===== Records for this task =====
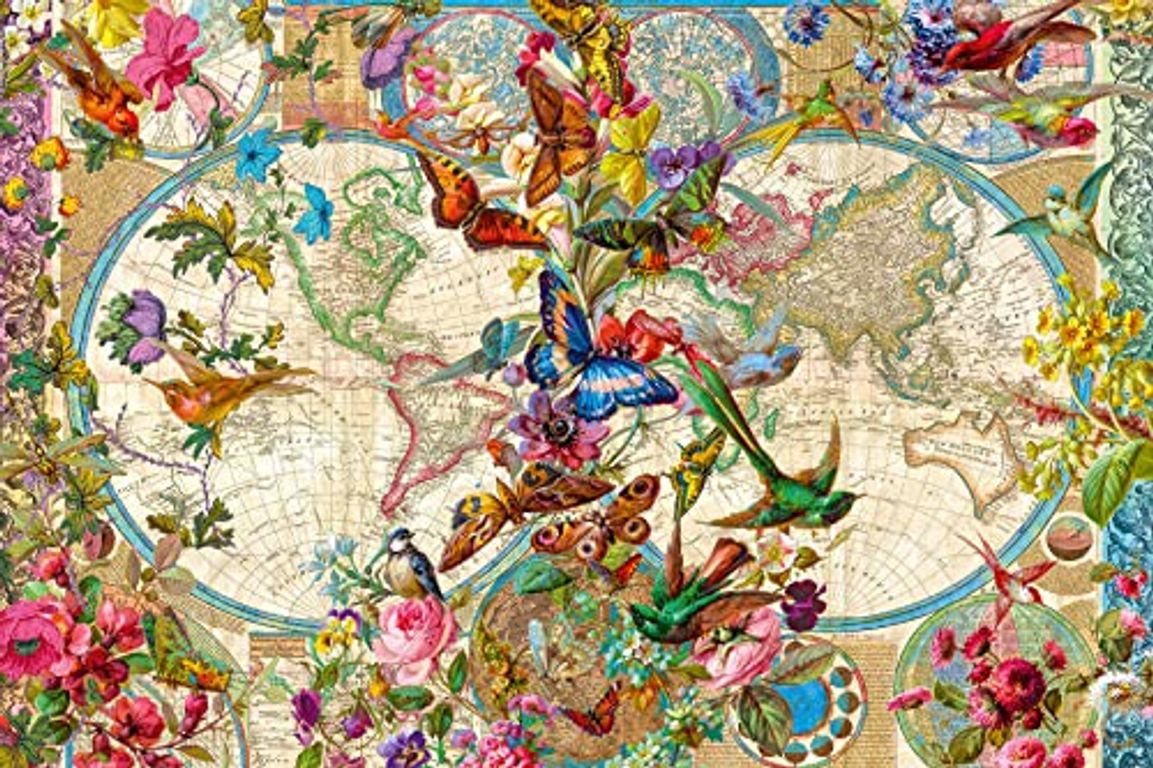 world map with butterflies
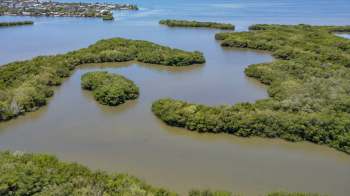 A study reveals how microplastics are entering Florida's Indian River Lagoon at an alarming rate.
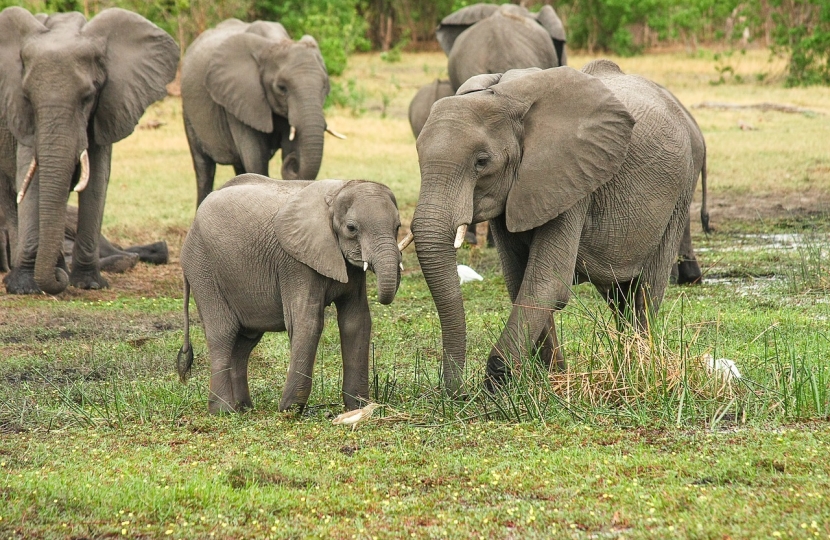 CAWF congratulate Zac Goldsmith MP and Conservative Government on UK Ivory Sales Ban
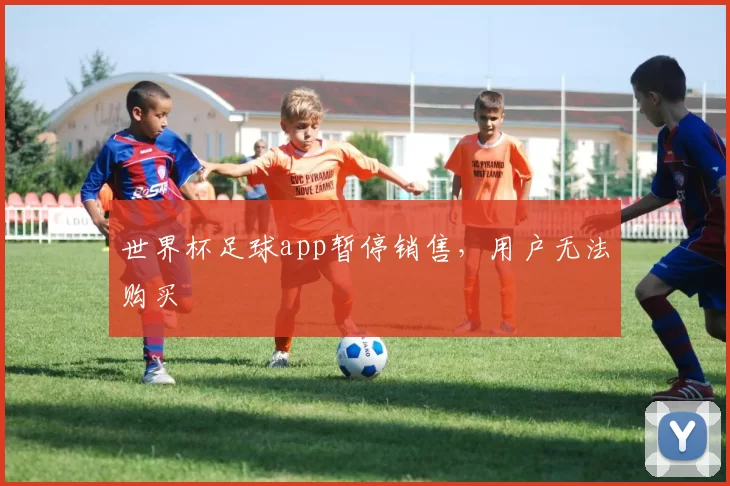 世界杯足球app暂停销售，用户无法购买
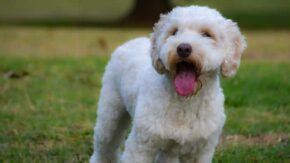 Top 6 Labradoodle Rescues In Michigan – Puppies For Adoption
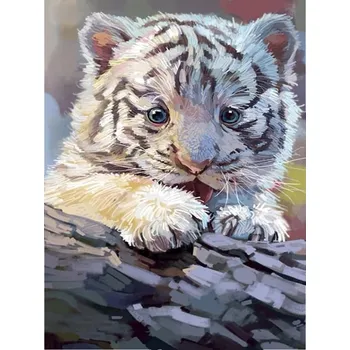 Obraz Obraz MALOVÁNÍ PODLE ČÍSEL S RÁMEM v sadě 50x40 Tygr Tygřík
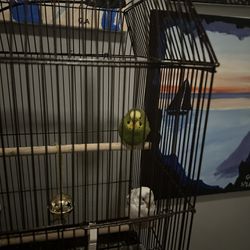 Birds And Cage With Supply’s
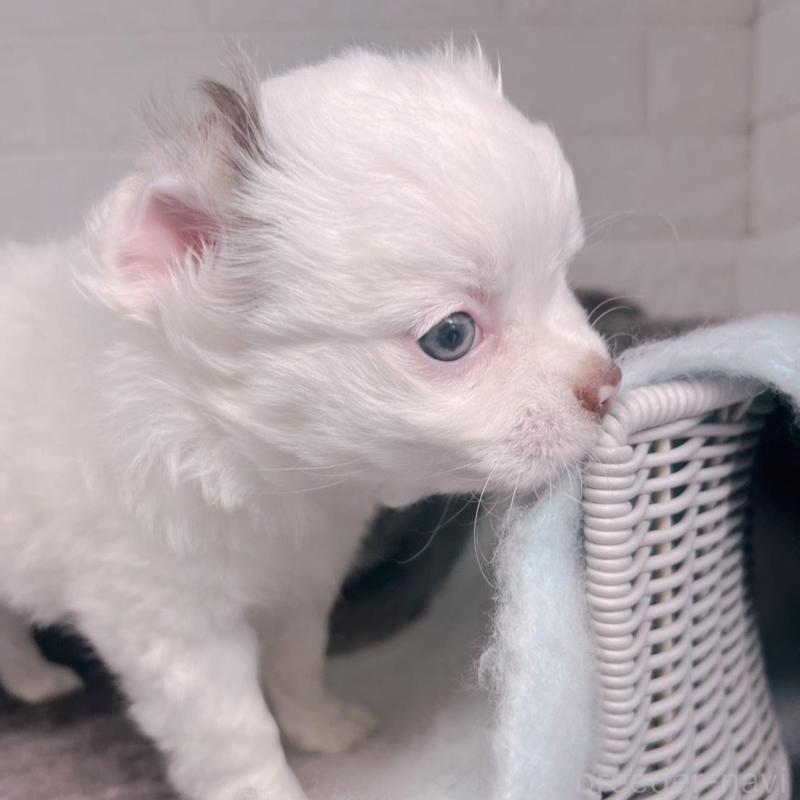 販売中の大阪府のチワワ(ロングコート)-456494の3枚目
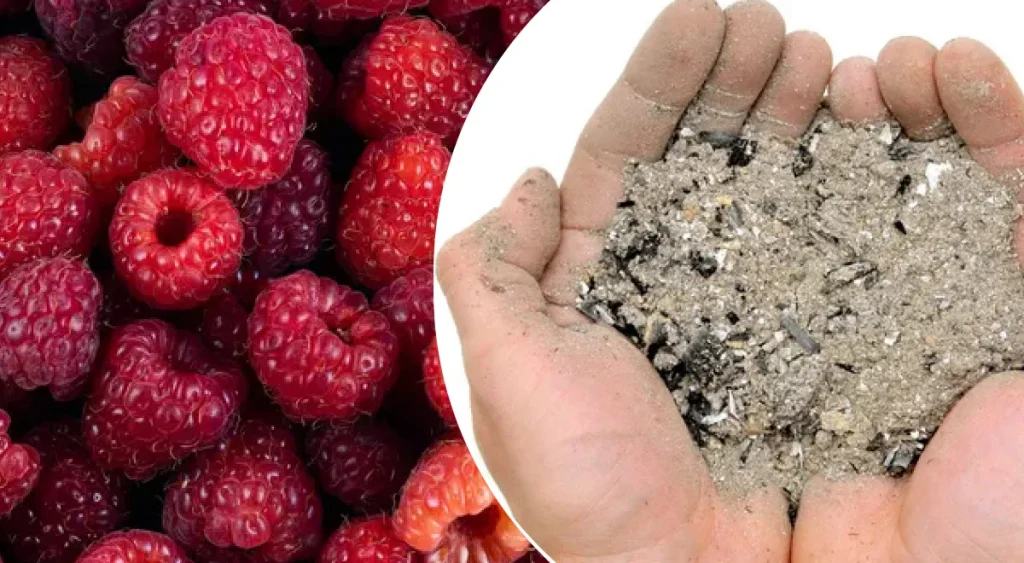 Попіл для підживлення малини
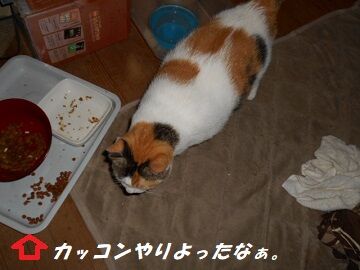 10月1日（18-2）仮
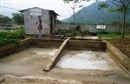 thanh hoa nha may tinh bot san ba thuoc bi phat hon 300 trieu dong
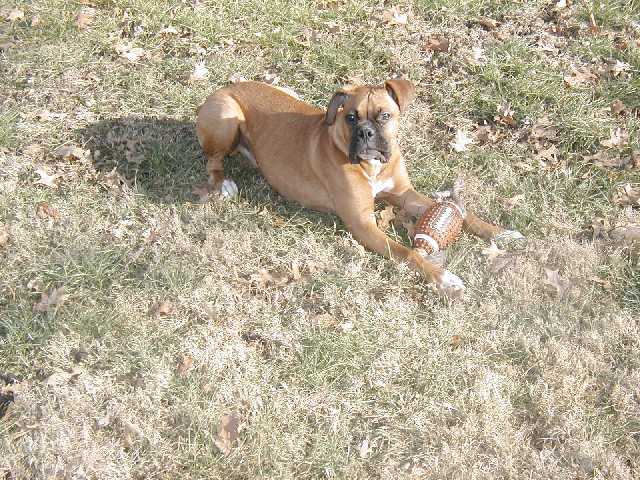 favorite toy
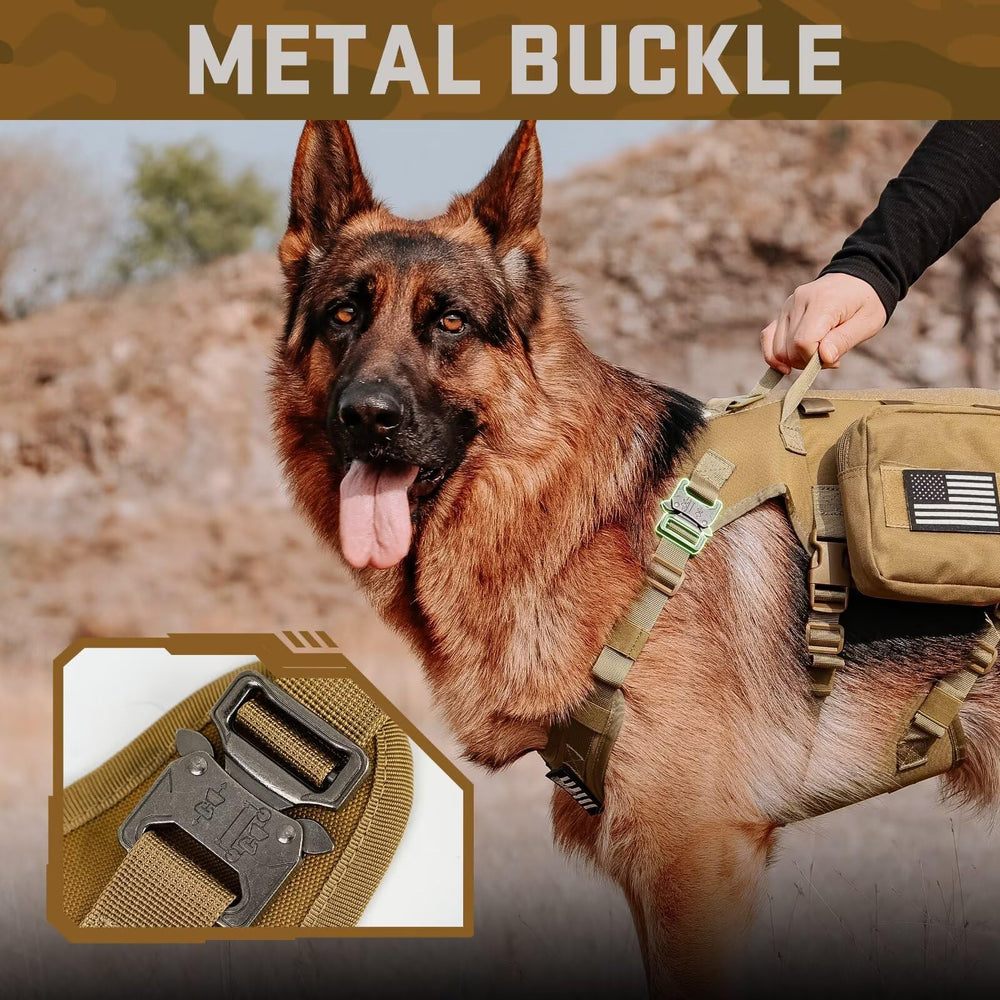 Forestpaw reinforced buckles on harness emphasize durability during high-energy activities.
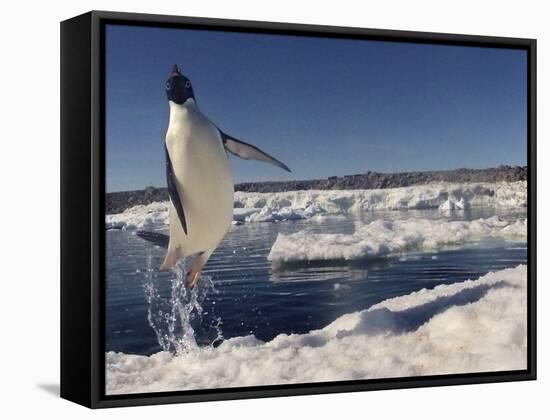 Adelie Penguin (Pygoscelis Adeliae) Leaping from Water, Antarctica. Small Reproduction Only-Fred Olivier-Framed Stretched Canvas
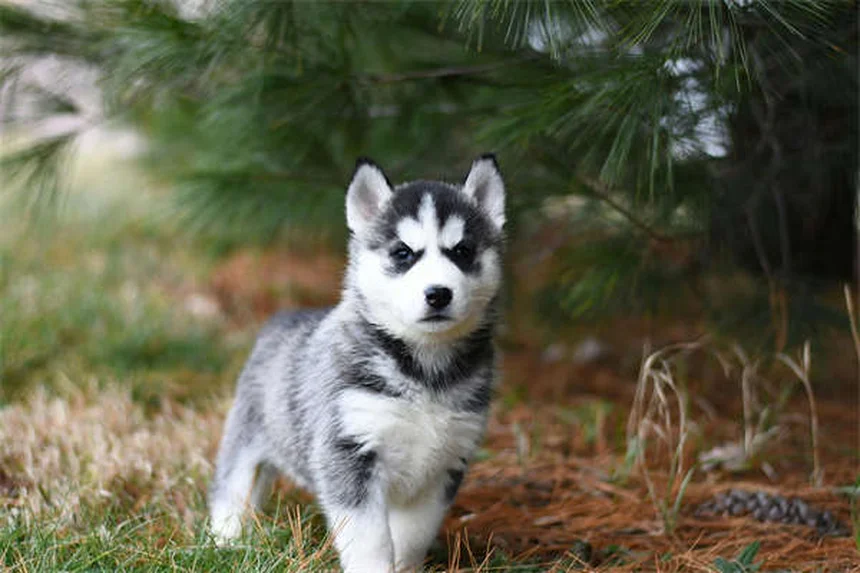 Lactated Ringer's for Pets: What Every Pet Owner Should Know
=====
Each line above is to be repeated exactly as written; no picture is carried over.

- Answer for this exercise
 world map with butterflies
 A study reveals how microplastics are entering Florida's Indian River Lagoon at an alarming rate.
 CAWF congratulate Zac Goldsmith MP and Conservative Government on UK Ivory Sales Ban
 世界杯足球app暂停销售，用户无法购买
 Top 6 Labradoodle Rescues In Michigan – Puppies For Adoption
 Obraz Obraz MALOVÁNÍ PODLE ČÍSEL S RÁMEM v sadě 50x40 Tygr Tygřík
 Birds And Cage With Supply’s
 販売中の大阪府のチワワ(ロングコート)-456494の3枚目
 Попіл для підживлення малини
 10月1日（18-2）仮
 thanh hoa nha may tinh bot san ba thuoc bi phat hon 300 trieu dong
 favorite toy
 Forestpaw reinforced buckles on harness emphasize durability during high-energy activities.
 Adelie Penguin (Pygoscelis Adeliae) Leaping from Water, Antarctica. Small Reproduction Only-Fred Olivier-Framed Stretched Canvas
 Lactated Ringer's for Pets: What Every Pet Owner Should Know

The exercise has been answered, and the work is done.